Work request> Do not copy the pictures. Write out the lines from the start of the entries through the line containing "Eclectic Brick Lane bookshop, Q123 (photo 6)".

(Records from a data source)
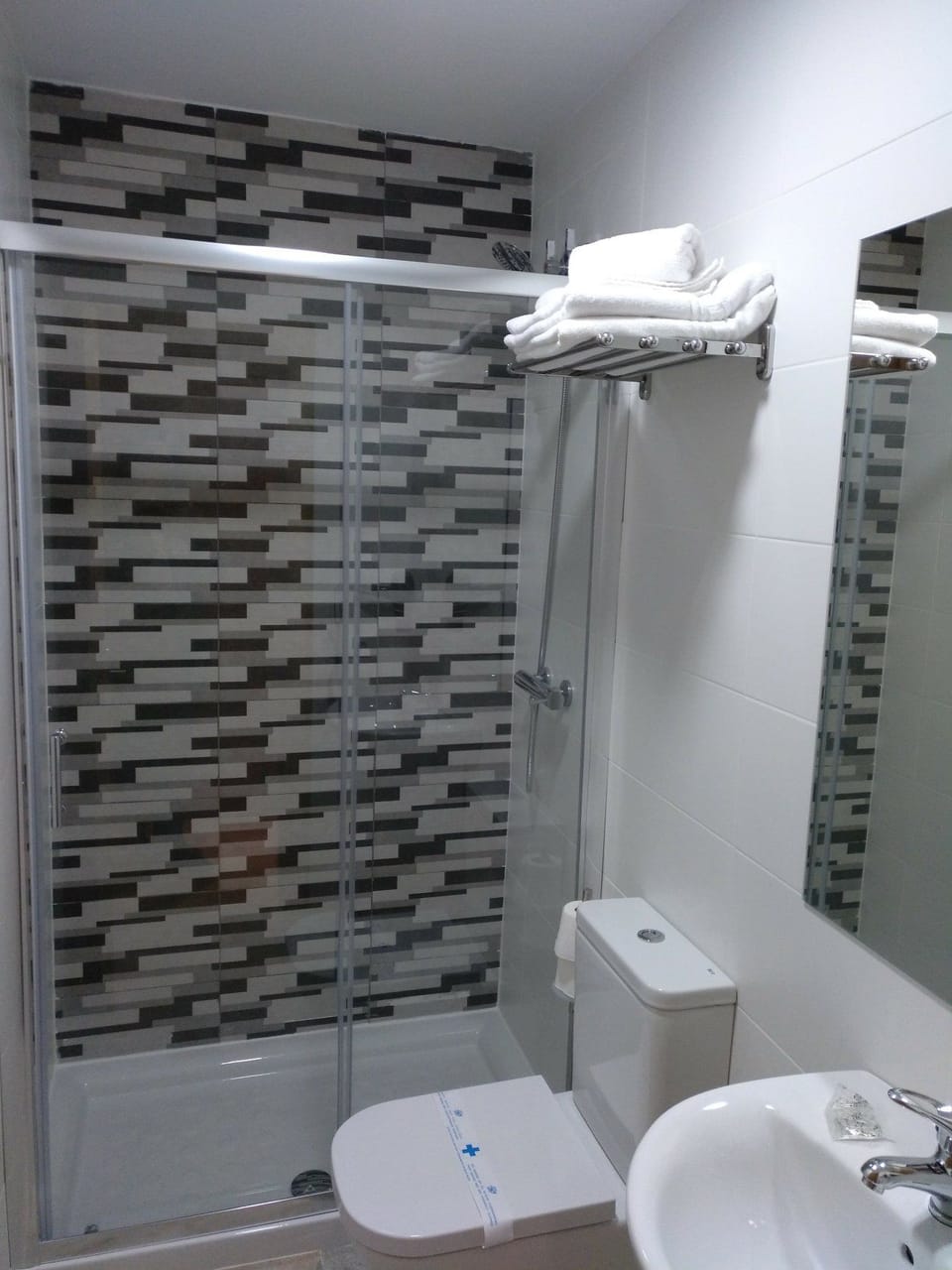 Shower, towels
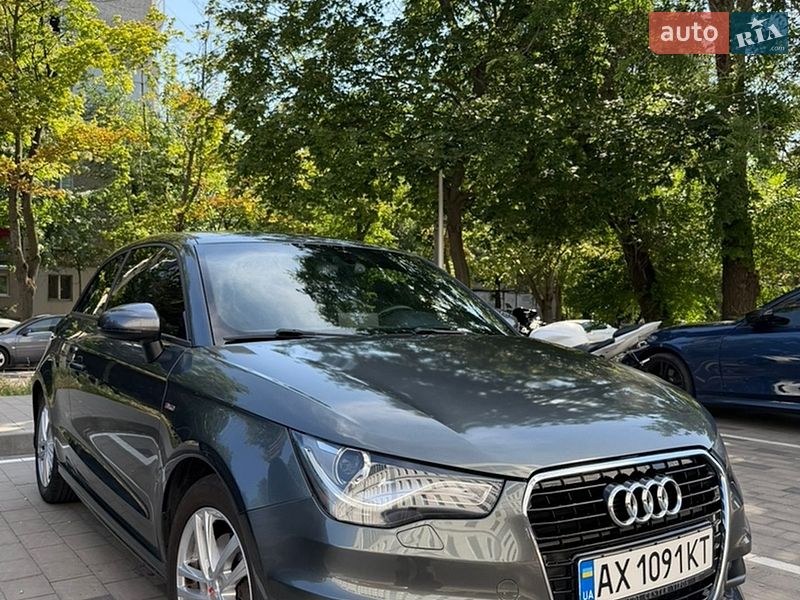 Хэтчбек Audi A1 2011 в Днепре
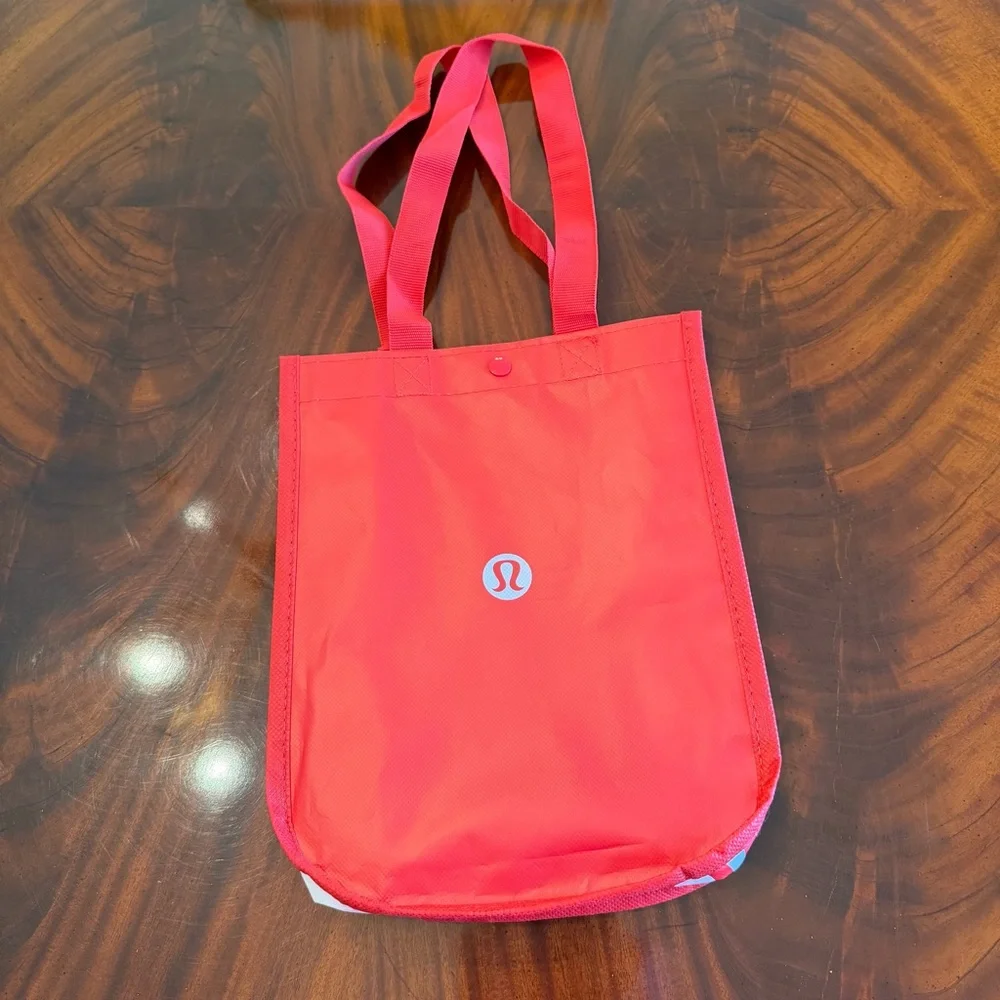 NEW Lululemon Small Reusable Shopper Bag Red
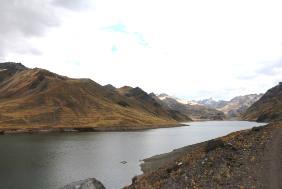 Sobre este ámbito encontramos a la represa de Yuracmayo, construida entre 1991 y 1994, con una altura de cimentación de 56 metros, longitud de coronación de 558.5 m, rendimiento hídrico de 2.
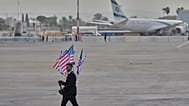 عنصر أمن إسرائيلي يراقب مدرج مطار بن غوريون قرب تل أبيب، قبيل مراسم استقبال الرئيس الأمريكي دونالد ترامب، في 13 أكتوبر 2025.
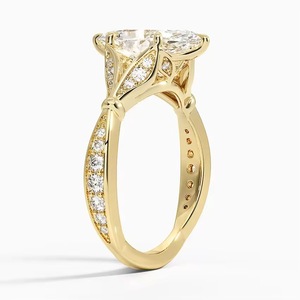 Anillo de Diamante Solitario con Corte Esmeralda en Oro Amarillo de 18K para Mujer, Elegante, Brillante y Opulento, Regalo de Aniversario o Hitos - Product Image 4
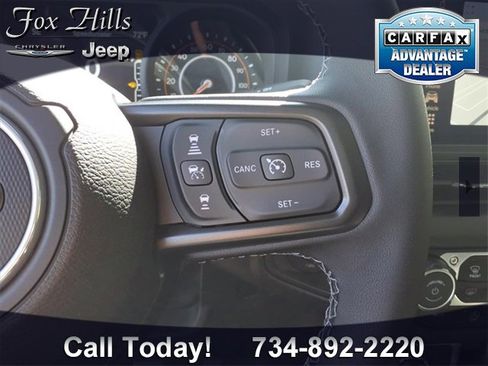 New 2025 Jeep Gladiator Willys image 17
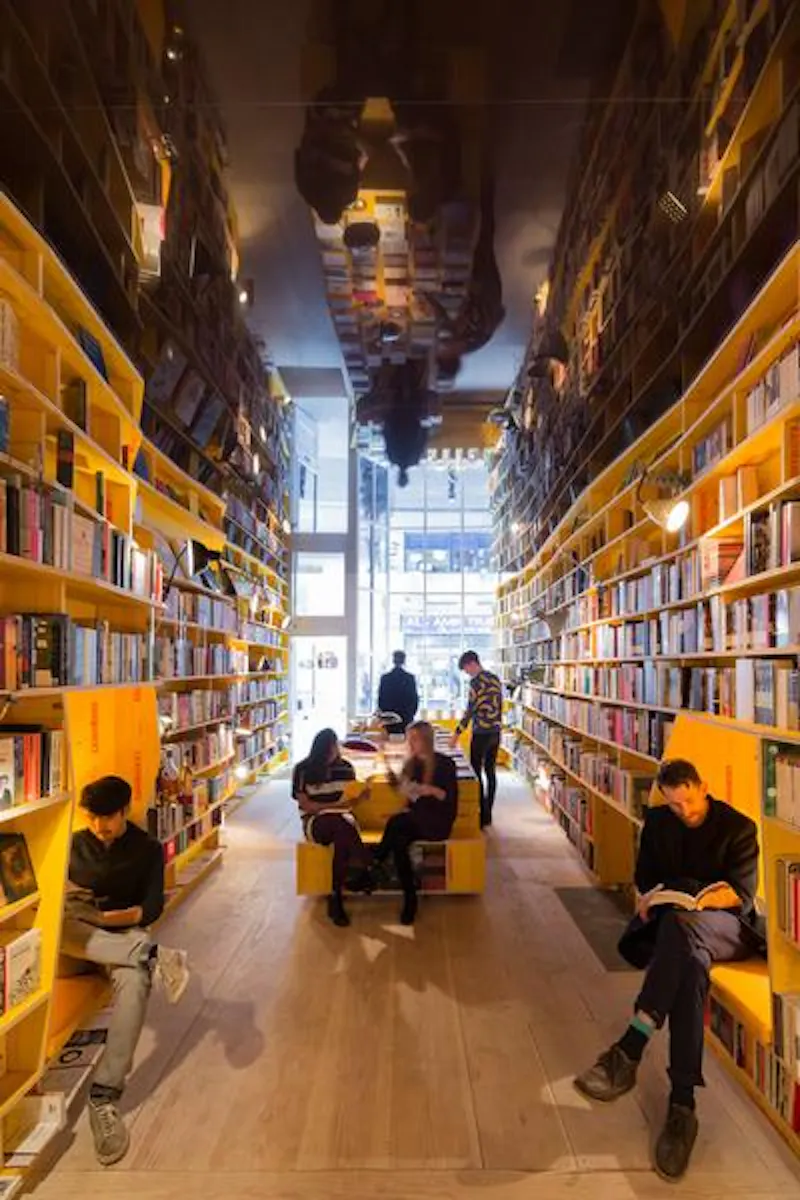 Eclectic Brick Lane bookshop, Q123 (photo 6)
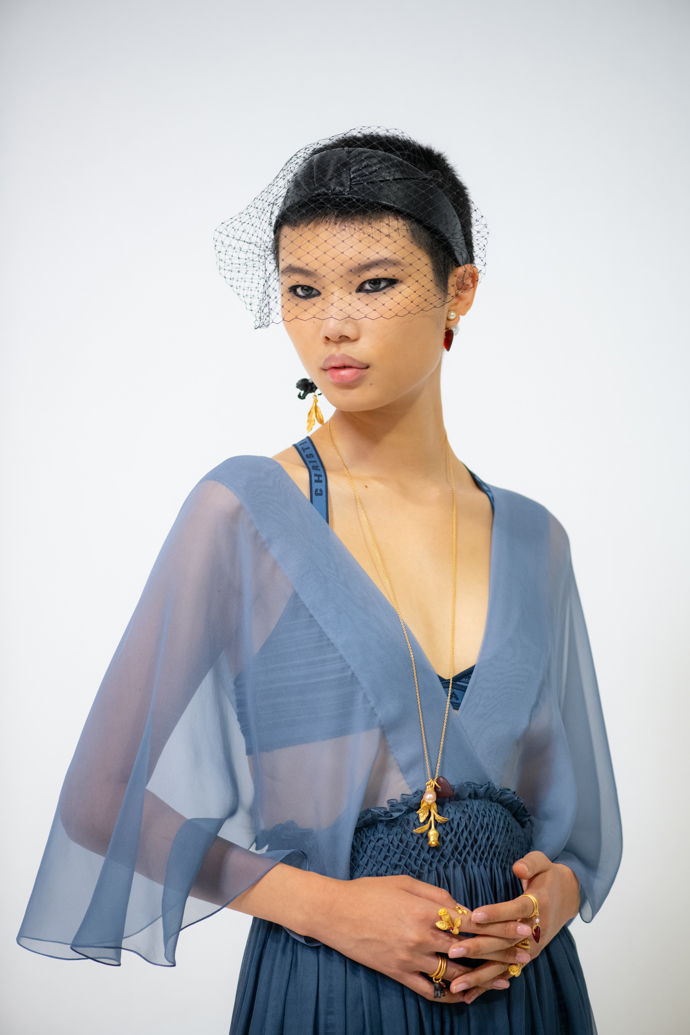 Backstage z líčení na přehlídku Dior SS 2021 | Foto: Inès Manai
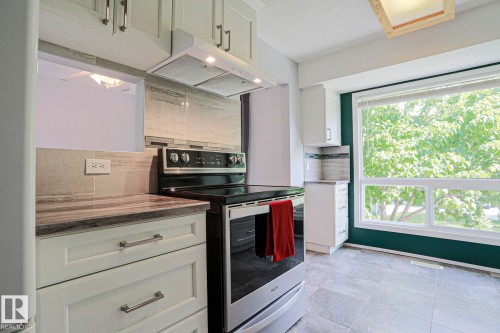 4 Goebel Close, Spruce Grove, AB 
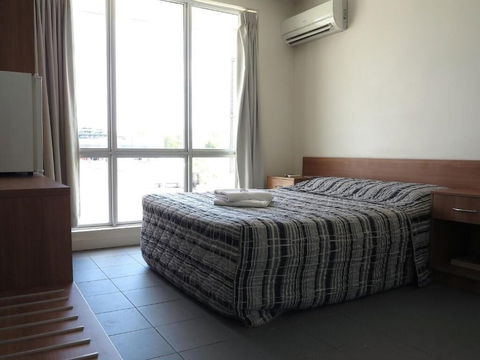 Upper Ross Hotel - Grafton Accommodation 1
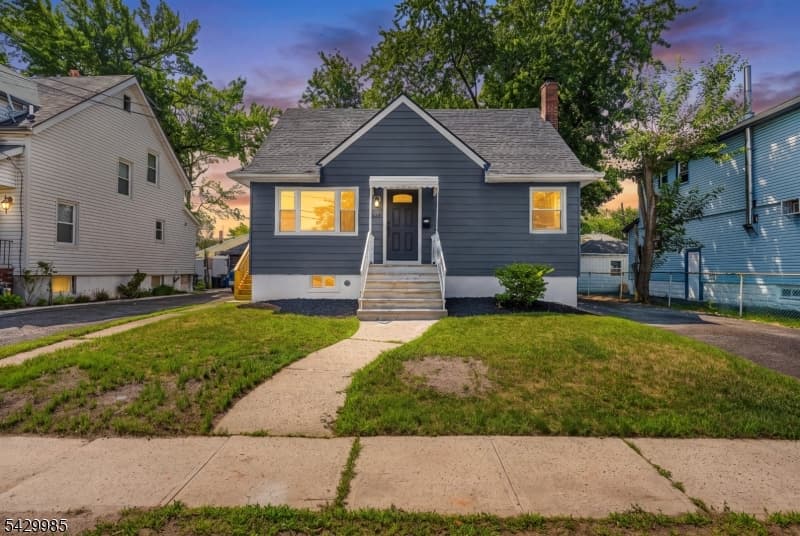 429 Wheatsheaf Rd, Roselle Boro, Union photo 2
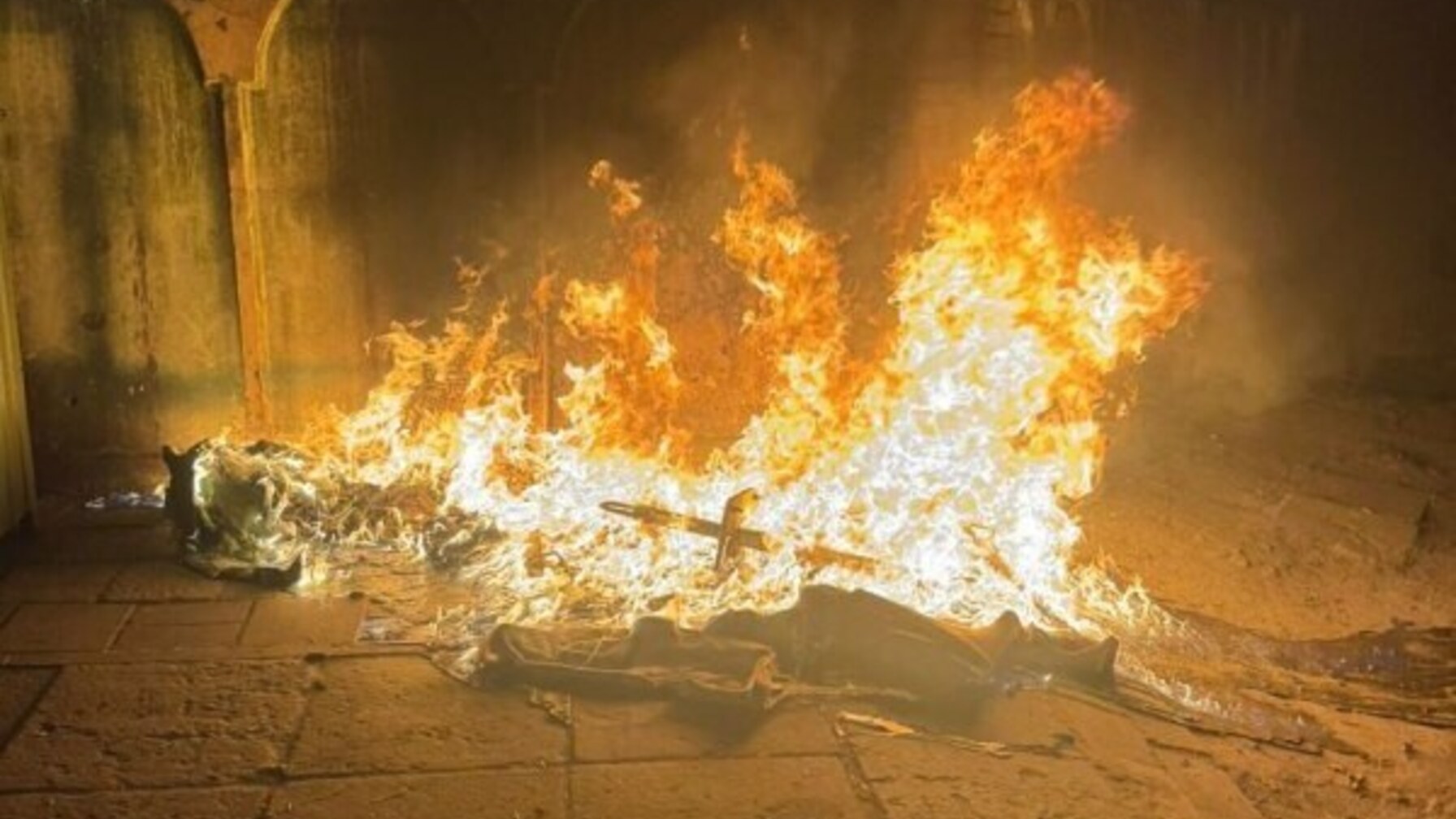 Підозрюють підпал: у Львові вночі горіли контейнерні майданчики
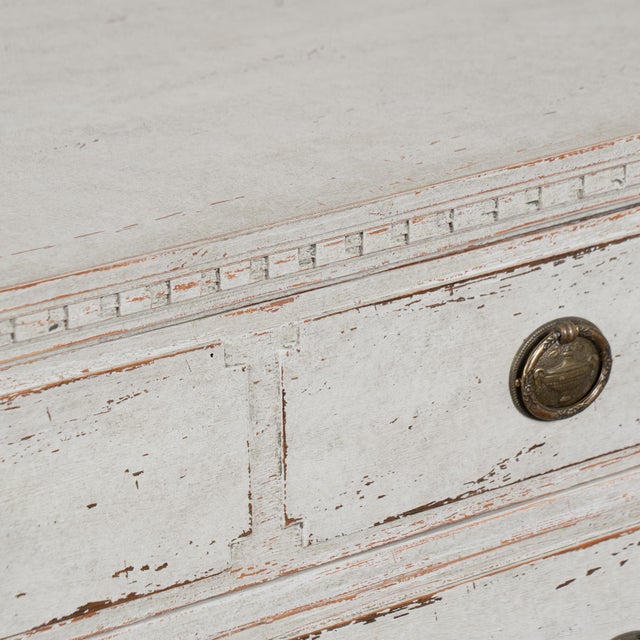 Pair of 19th Century Swedish Gustavian Chests of Three Drawers For Sale - Image 9 of 12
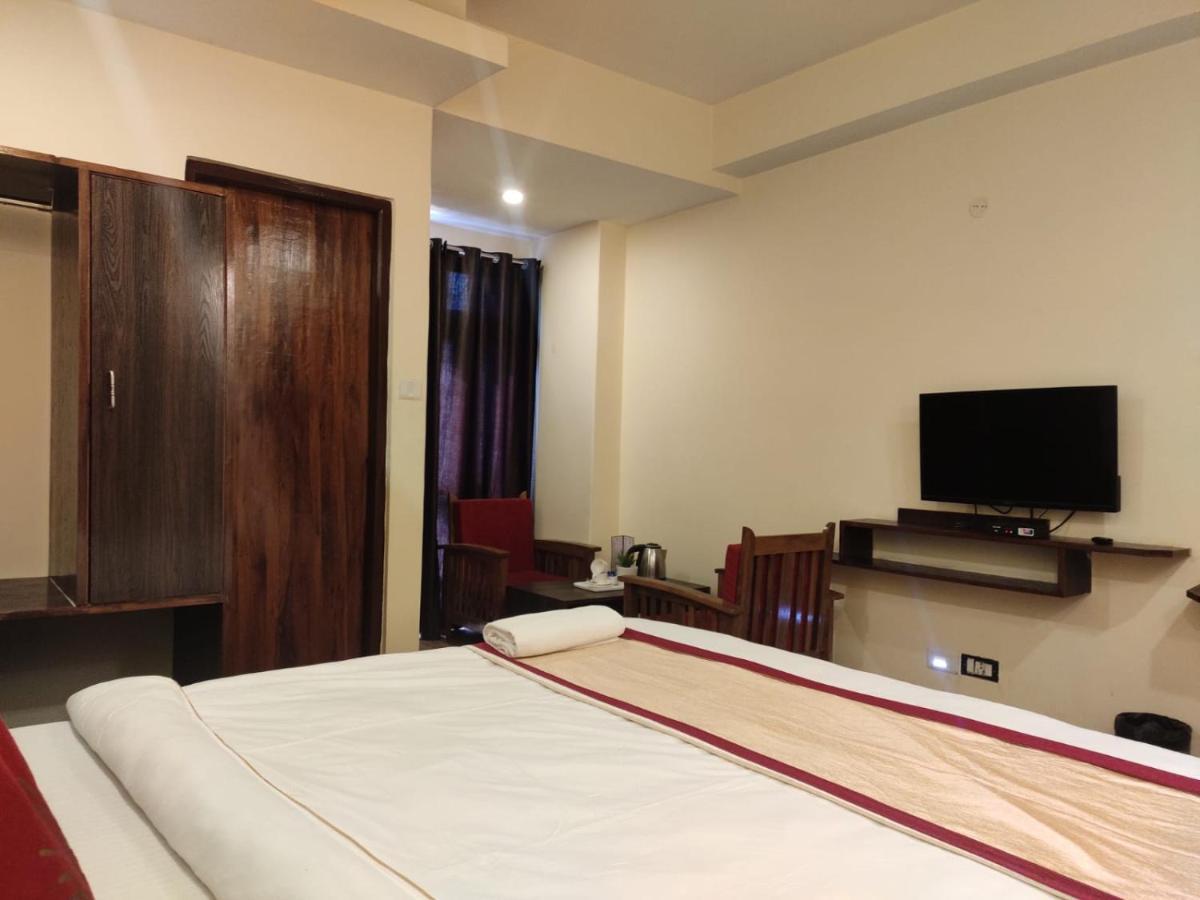 Hotel The Narayani Continental Gangtok Exterior photo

Result>
 Shower, towels
 Хэтчбек Audi A1 2011 в Днепре
 NEW Lululemon Small Reusable Shopper Bag Red
 Sobre este ámbito encontramos a la represa de Yuracmayo, construida entre 1991 y 1994, con una altura de cimentación de 56 metros, longitud de coronación de 558.5 m, rendimiento hídrico de 2.
 عنصر أمن إسرائيلي يراقب مدرج مطار بن غوريون قرب تل أبيب، قبيل مراسم استقبال الرئيس الأمريكي دونالد ترامب، في 13 أكتوبر 2025.
 Anillo de Diamante Solitario con Corte Esmeralda en Oro Amarillo de 18K para Mujer, Elegante, Brillante y Opulento, Regalo de Aniversario o Hitos - Product Image 4
 New 2025 Jeep Gladiator Willys image 17
 Eclectic Brick Lane bookshop, Q123 (photo 6)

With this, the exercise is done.